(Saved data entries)
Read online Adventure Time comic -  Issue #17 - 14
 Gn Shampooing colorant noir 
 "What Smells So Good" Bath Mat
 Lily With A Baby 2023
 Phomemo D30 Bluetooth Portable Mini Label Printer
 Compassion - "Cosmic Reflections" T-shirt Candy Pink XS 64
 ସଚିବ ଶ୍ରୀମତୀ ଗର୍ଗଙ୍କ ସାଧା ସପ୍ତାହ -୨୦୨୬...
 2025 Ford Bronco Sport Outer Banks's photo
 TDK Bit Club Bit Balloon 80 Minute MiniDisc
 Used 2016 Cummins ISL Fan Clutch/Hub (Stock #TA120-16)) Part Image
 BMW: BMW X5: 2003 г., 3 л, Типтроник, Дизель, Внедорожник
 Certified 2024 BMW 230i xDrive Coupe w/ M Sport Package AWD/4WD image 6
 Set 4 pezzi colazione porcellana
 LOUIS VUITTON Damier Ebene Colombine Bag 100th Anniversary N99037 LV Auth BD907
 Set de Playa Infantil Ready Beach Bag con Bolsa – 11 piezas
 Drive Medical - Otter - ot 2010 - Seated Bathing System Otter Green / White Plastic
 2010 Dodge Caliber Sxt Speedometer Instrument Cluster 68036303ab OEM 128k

Exercise goal
Would you copy out every line in the records that includes the string "Sport"?

Finished task
 2025 Ford Bronco Sport Outer Banks's photo
 Certified 2024 BMW 230i xDrive Coupe w/ M Sport Package AWD/4WD image 6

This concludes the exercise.